Ronald Reagan was in office the last time they won in the NCAA tournament. They’ve never won more than a game in a single tournament and more than half of their all-time NCAA tournament wins came in consolation games played after they’d already been eliminated.

This team is so ugly and depressing, they should have a sad clown painting on the front of their jerseys.

When TCU came to Stillwater in mid-January, OSU cruised to a 32-point victory and held the Horned Frogs to 29-percent from the field. Considering the weak performance and the fact that no one knows enough about TCU basketball to tell otherwise, it’s possible coach Trent Johnson slapped some purple gear on some of the Fort Worth homeless population and gave his players the week off.

This is a team with nothing left to play for beyond springing a big upset over a much better team like they did a season ago to sleepwalking Kansas. The 13-14 Frogs are noticeably worse than even last year’s squad, however.

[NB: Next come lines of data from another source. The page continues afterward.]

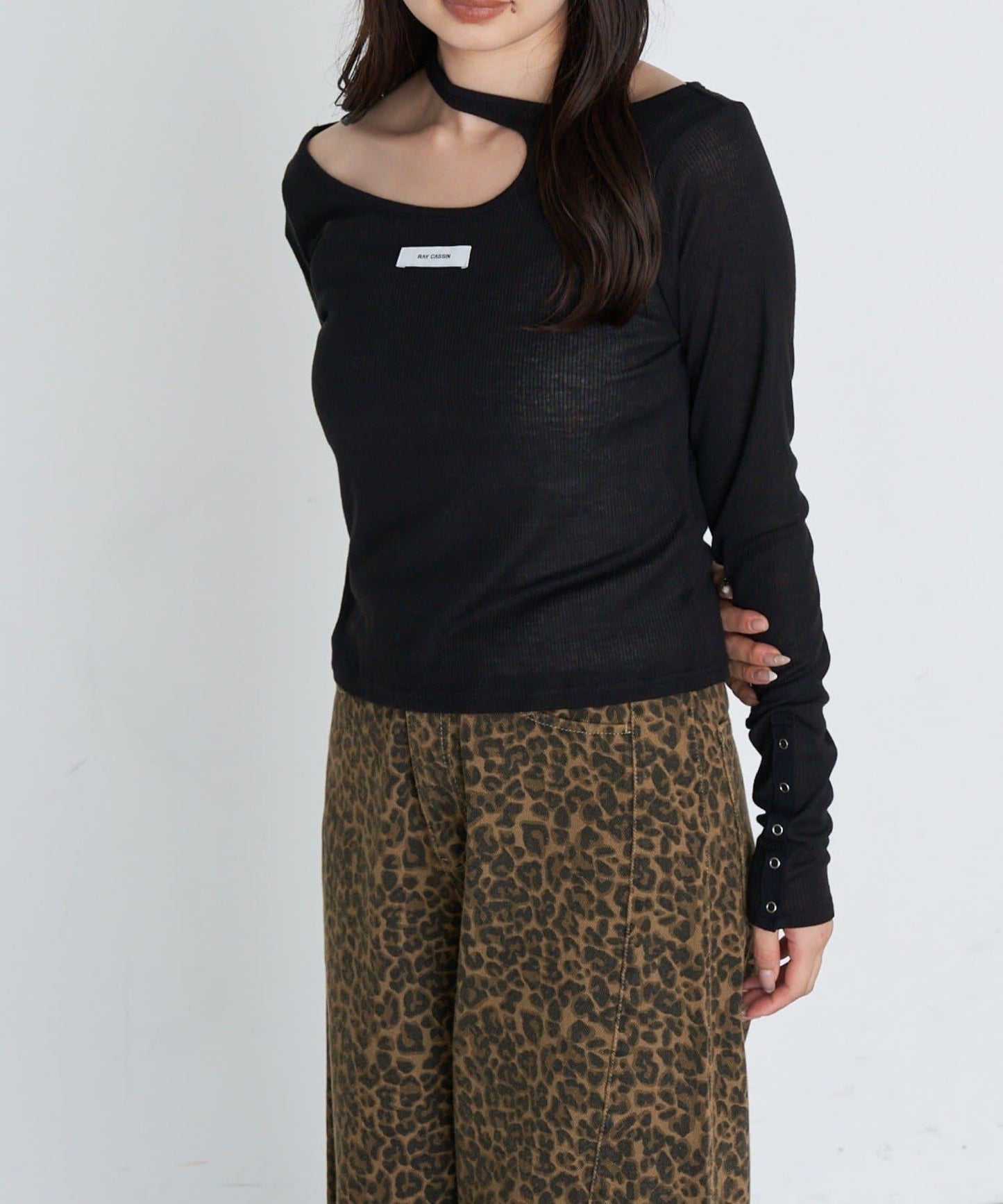 設計感透視長袖T恤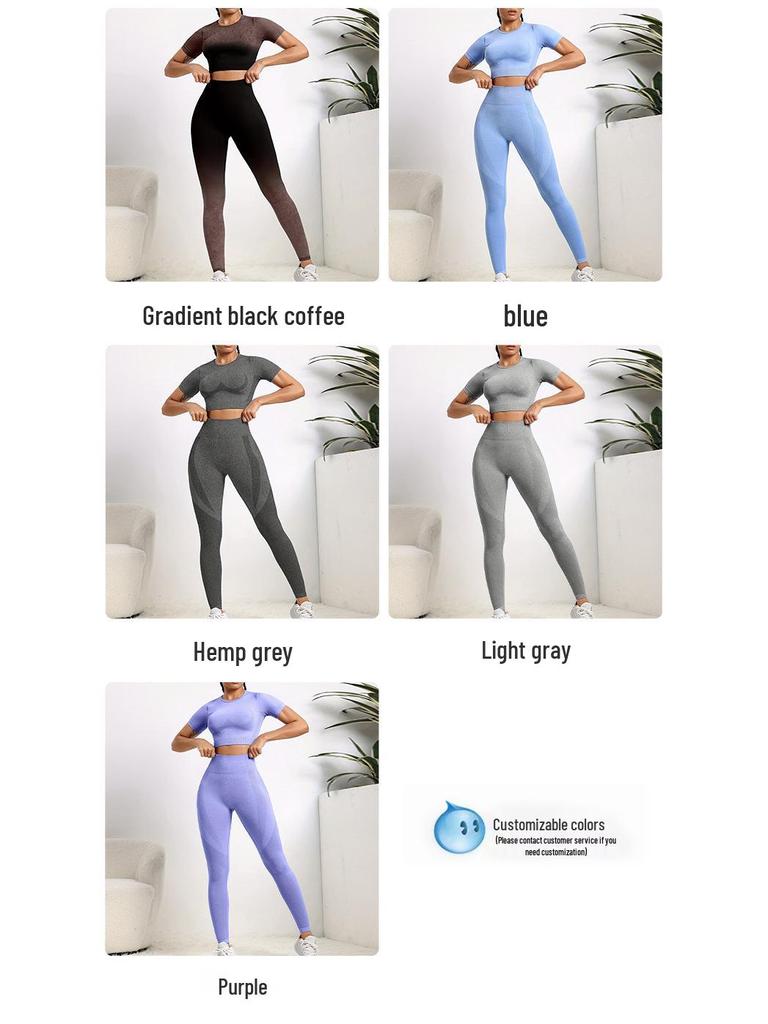 Zestaw do jogi bez szwu: Top z krótkim rękawem i legginsy podnoszące biodra dla kobiet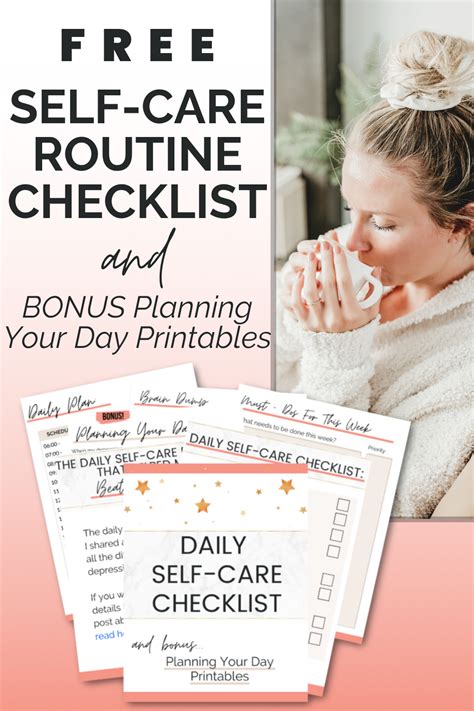 Free Daily Self Care Routine Checklist And Planning Your Day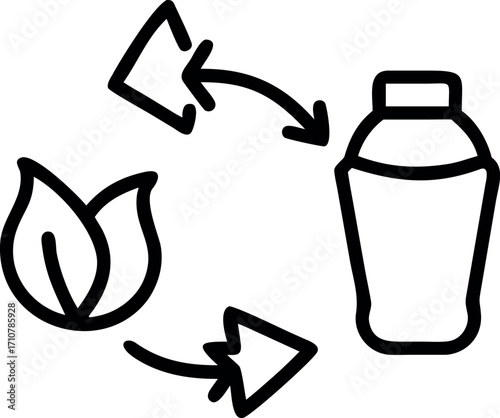 Vector icon illustration of a Japanese woman's body silhouette doing yoga, with a calligraphy kanji symbol for fitness and sport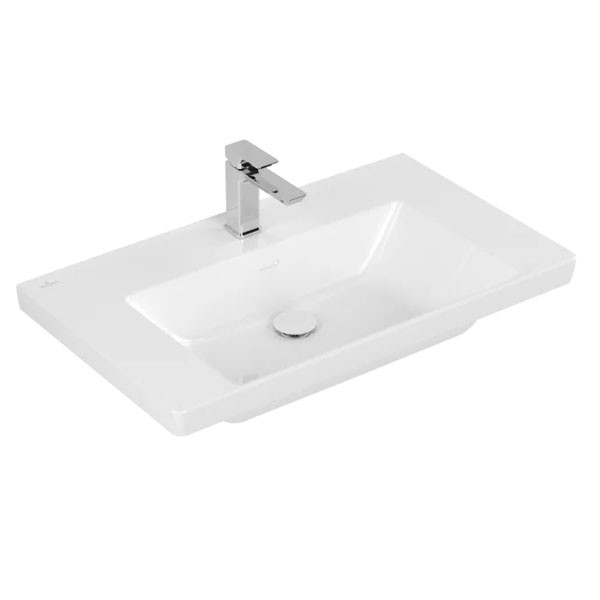 VB Schrankwaschtisch Subway 3.0 800x470 mm Rechteck 1HL. o. Überlauf Weiß Alpin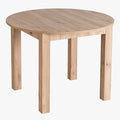 HARRY Table à manger ronde extensible couleur bois clair pieds métal noir 102-142 cm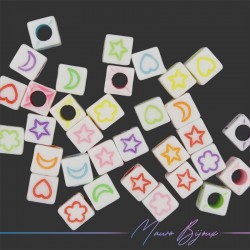 Plastic Cube Beads Mixed Designs Multicolor
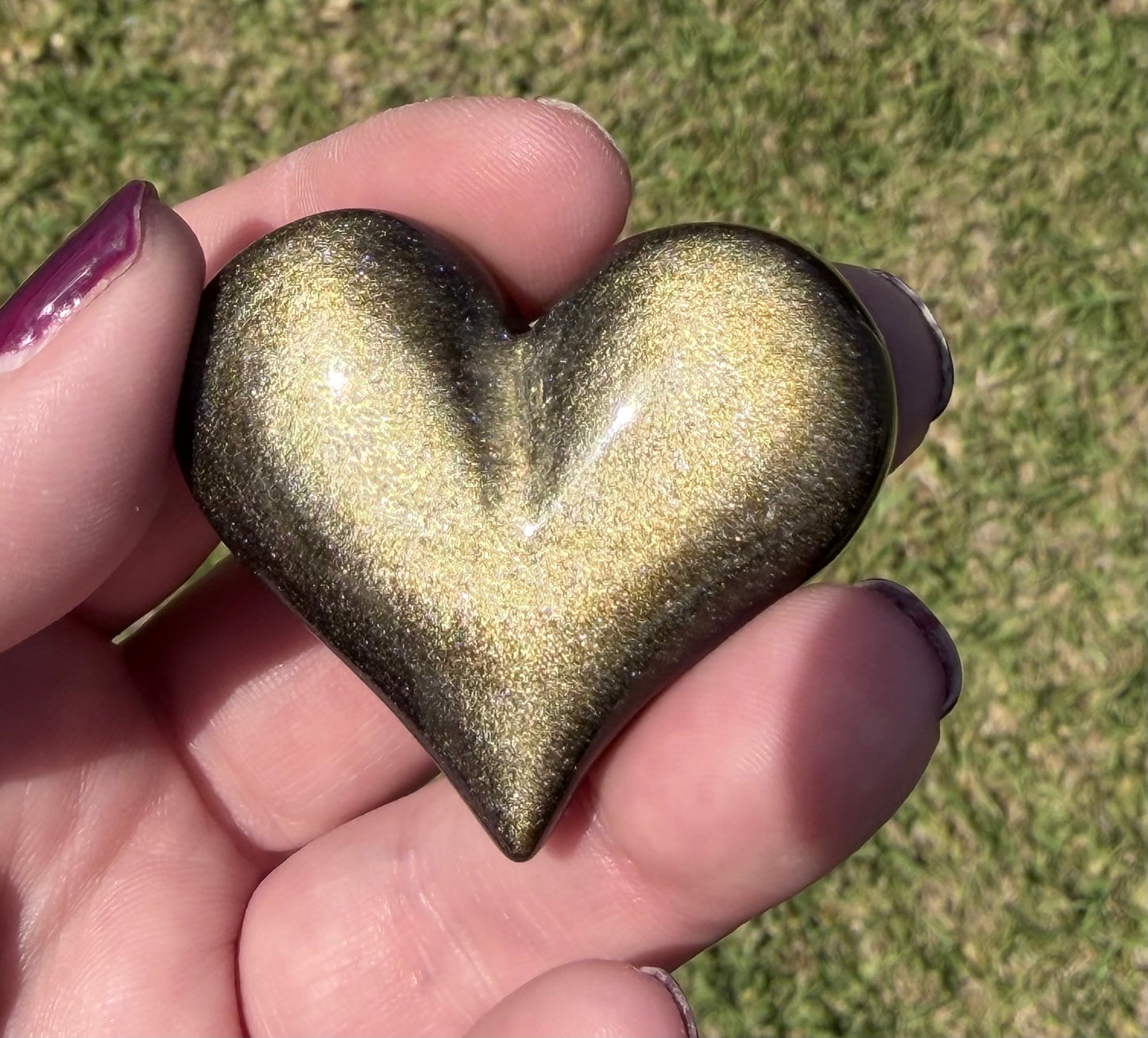 Golden Sheen Obsidian Heart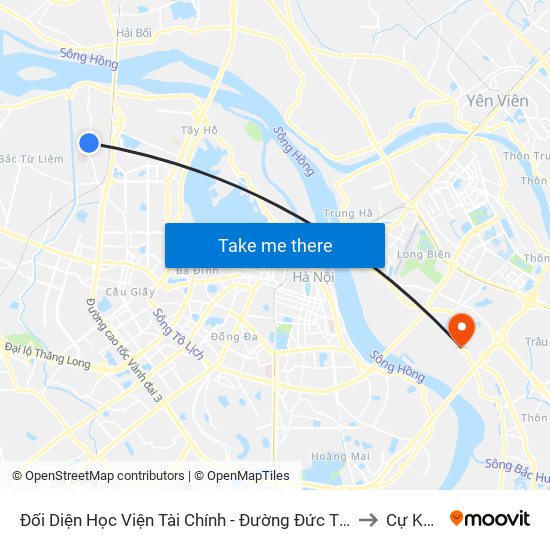 Đối Diện Học Viện Tài Chính - Đường Đức Thắng to Cự Khối map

A sleepwalking opponent would probably still notch a comfortable victory. A team in a coma may even be able to squeak by. Only a legally dead team will be able to lose in Daniel-Meyer Coliseum. Appropriately, should they lose Monday night, the pulse on OSU’s season will stop abruptly.

TCU’s Season So Far

Well, they beat Tulsa. Twice!

Were you waiting for more? Sorry, but that’s about it.

The current streak sits on 14 consecutive losses with the last five all including double-digit final margins. They’ve been beaten by at least 20-points five times in Big 12 play.

I can’t possibly make a joke here. It would be inhumane. The humane thing to do is just to walk away. And maybe put this entire team down to end the needless suffering.

Meet The Horned Frogs

The only folks left in the stands at home games have to be friends and family of the players and coaching staff. If you happen to attend this one, ask anyone clad in purple to tell you about the team. You’ll probably get baby pictures and embarrassing stories that I don’t have access to.

In the meantime, I can tell you that Kyan Anderson is legitimately a quality point guard. He’s a hometown kid who didn’t have the good sense to go literally anywhere else. But, he’s been rewarded with the ability to do anything he wants because without him, the remaining roster would be guilty of fraud for posing as an NCAA basketball team.

Amric Fields is the second leading scorer and second leading rebounder. He’s an Oklahoma kid who must have done something terrible during his time at Putnam City West. I assume his punishment was having to play at TCU. A fate worse than death.

Finally, there’s leading rebounder Karviar Shepherd. This freshman has shown flashes of potential, but doesn’t even know how to pronounce his first name. He claims it’s “kuh-VAR”, but it’s obviously pronounced like “caviar” with an extra ‘r’ thrown in for fun. He should start a deluxe cuisine delivery service and name it after himself.

Stats Time

At this point, I’ve been negative enough about these poor guys. Talking about the stats they’ve compiled so far would just be piling on.

There is one positive statistic of note. TCU’s basketball team has had exactly zero players sent to rehab in the past two seasons, which gives them the advantage in that category over the football team.[1. This was not extensively researched.]

The Horned Frogs also lead the Big 12 in number of major statistical categories in which they rank tenth. That doesn’t include 3-point field goal percentage, however. They’ve got Iowa State beat by a full 5-thousandths.

My Humble Prediction

If you’re a pessimist, and if you’re an OSU fan there’s a great chance you are, you might think this game will be closer than it should be. There’s a reasonable argument to be made for that. All you’d have to do is point at Travis Ford’s record in Big 12 road games.

The win against Texas Tech was encouraging, but can we really expect this team to go on the road and put together a second consecutive strong performance?

Well, last season the Cowboys romped in Fort Worth by 17.

This season, barring a string of comical misfortunes befalling the starting five reminiscent of the Springfield Nuclear Power Plant softball team, I expect another convincing win.

The spread favors OSU by 11.5, but a more interesting wager would be who, between Nash and Brown, ends the game with more dunks. I’m putting it on the board as a pick ‘em.